# WHAT THIS TASK INVOLVES
From the data below, retype exactly the lines starting with the one that contains "Berber living room" and ending with the one that contains "Lace-Up Hooded Pullover", both included.

# SUPPLIED MATERIAL
────
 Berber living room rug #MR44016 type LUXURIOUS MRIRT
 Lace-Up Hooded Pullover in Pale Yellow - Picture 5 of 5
────
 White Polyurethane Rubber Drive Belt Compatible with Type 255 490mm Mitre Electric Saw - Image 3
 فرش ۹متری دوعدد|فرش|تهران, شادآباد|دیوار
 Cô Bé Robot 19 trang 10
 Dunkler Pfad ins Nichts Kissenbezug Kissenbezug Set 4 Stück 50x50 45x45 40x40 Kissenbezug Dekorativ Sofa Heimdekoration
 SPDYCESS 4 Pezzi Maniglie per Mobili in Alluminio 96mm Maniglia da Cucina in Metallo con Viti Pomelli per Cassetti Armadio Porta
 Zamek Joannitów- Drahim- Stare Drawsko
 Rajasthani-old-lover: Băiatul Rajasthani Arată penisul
────
# EXERCISE RESULT
 Berber living room rug #MR44016 type LUXURIOUS MRIRT
 Lace-Up Hooded Pullover in Pale Yellow - Picture 5 of 5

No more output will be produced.